The most detailed logistic regression (Logistic regression) source code based on the R language, including fit optimization, recall, precision computing

Source: Internet
Author: User

This log is indeed a trigger. I am not familiar with R, but it is required by the experiment, so I just learned it. We found that, whether it's countless tutorials on the Internet or examples in books, when talking about logistic regression, we will give a simple function and a description of the output results. I have never been clear about several things:

1. How to Use training data to train the model and then verify the test data (the test data and training data may overlap )?

2. How to calculate the prediction result, that is, calculate the recall, precision, and F-measure values?

3. How to calculate evaluation indicators such as Nagelkerke goodness of fit?

I found these books and some blog-writing friends with an unclear mind. Let's look at your tutorial. Instead of simply looking at the use of simple functions, or listening to you to explain the principles, we still hope to use them as soon as possible and correctly. From my experience, the existing online tutorials are too poor.

I will not describe the process in detail here. I believe you will understand it at a Glance:

Train ("training.csv", header?false=testing=read.csv ("testing.csv", header = false) # import training and test data respectively GLM. Fit = GLM (V16 ~ V7, Data = training, family = binomial (link = "Logit") # generate a model using training data. Here I Use 7th columns of data to predict 16th columns. n = nrow (training) # Number of training data rows, that is, the number of samples R2 <-1-exp (GLM. fit $ deviance-glm.fit $ null. deviance)/n) # Calculate Cox-Snell goodness of fit CAT ("Cox-Snell r2 =", R2, "\ n ") r2 <-R2/(1-exp (-GLM. fit $ null. deviance)/n) # Calculate the Nagelkerke goodness of fit. At the end, we output this goodness of fit value p = predict (GLM. fit, testing) # use a model to predict the test data. P = exp (P)/(1 + exp (p )) # calculate the value of the dependent variable testing $ v16_predicted = 1 * (P> 0.5) # Add a column to the test data, that is, the prediction of V16. When P> 0.5, predicted value: 1 true_value = testing [, 16] predict_value = testing [, 17] # retrieve 16 and 17 columns respectively retrieved = sum (predict_value) precision = sum (true_value & predict_value) /retrievedrecall = sum (predict_value & true_value)/sum (true_value) f_measure = 2 * precision * recall/(precision + recall) # Calculate recall, precision, and F-measure Summary (GLM. fit) CAT ("Nagelkerke R2 =", R2, "\ n") print (precision) print (recall) print (f_measure)

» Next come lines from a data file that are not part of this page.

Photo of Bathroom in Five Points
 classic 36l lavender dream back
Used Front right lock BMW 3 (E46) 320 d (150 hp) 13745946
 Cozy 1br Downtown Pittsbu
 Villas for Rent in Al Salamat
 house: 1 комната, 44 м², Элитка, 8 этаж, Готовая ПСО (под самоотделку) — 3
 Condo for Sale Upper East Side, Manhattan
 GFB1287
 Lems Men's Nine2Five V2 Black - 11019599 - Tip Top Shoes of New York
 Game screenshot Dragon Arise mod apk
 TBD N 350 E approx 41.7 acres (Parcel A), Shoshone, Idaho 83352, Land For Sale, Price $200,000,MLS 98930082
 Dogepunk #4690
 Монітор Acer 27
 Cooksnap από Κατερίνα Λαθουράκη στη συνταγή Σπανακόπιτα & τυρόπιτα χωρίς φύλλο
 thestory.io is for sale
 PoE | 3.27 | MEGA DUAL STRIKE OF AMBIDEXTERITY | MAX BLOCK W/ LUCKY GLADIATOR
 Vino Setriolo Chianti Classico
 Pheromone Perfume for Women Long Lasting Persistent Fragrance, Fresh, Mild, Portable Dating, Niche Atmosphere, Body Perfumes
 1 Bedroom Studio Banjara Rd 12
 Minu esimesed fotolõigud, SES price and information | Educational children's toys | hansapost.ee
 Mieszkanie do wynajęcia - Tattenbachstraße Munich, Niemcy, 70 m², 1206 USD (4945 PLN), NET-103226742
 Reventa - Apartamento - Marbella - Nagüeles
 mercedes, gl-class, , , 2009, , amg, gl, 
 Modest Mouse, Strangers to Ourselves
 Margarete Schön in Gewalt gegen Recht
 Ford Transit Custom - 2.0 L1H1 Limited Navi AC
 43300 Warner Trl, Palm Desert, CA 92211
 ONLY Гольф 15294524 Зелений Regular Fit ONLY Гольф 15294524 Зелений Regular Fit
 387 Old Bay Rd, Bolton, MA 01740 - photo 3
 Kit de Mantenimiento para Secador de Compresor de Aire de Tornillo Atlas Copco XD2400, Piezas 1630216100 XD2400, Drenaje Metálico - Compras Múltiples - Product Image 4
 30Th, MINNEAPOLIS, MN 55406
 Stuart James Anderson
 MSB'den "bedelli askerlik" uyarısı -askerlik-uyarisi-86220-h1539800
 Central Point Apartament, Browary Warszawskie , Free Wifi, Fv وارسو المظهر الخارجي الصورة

I don't know why many people are confused about such a simple thing.

Here we will briefly explain the output result of summary:

Call:glm(formula = V16 ~ V7, family = binomial(link = "logit"), data = training) Deviance Residuals:    Min       1Q   Median       3Q      Max-2.5212  -0.9990  -0.4249   1.1352   1.4978   Coefficients:             Estimate Std. Error z value Pr(>|z|)(Intercept) -0.744804   0.207488  -3.590 0.000331 ***V7           0.005757   0.001362   4.226 2.38e-05 ***---Signif. codes:  0 ‘***’ 0.001 ‘**’ 0.01 ‘*’ 0.05 ‘.’ 0.1 ‘ ’ 1 (Dispersion parameter for binomial family taken to be 1)     Null deviance: 307.76  on 221  degrees of freedomResidual deviance: 277.85  on 220  degrees of freedomAIC: 281.85 Number of Fisher Scoring iterations: 5

In fact, you can see coefficient here. estimate indicates the coefficient of V7 in the final prediction equation, and PR is P-value. The prediction results are acceptable from these two points.

The most detailed logistic regression (Logistic regression) source code based on the R language, including fit optimization, recall, precision computing

Contact Us

The content source of this page is from Internet, which doesn't represent Alibaba Cloud's opinion; products and services mentioned on that page don't have any relationship with Alibaba Cloud. If the content of the page makes you feel confusing, please write us an email, we will handle the problem within 5 days after receiving your email.

If you find any instances of plagiarism from the community, please send an email to: info-contact@alibabacloud.com and provide relevant evidence. A staff member will contact you within 5 working days.

A Free Trial That Lets You Build Big!

Start building with 50+ products and up to 12 months usage for Elastic Compute Service

  • Sales Support

    1 on 1 presale consultation

  • After-Sales Support

    24/7 Technical Support 6 Free Tickets per Quarter Faster Response

  • Alibaba Cloud offers highly flexible support services tailored to meet your exact needs.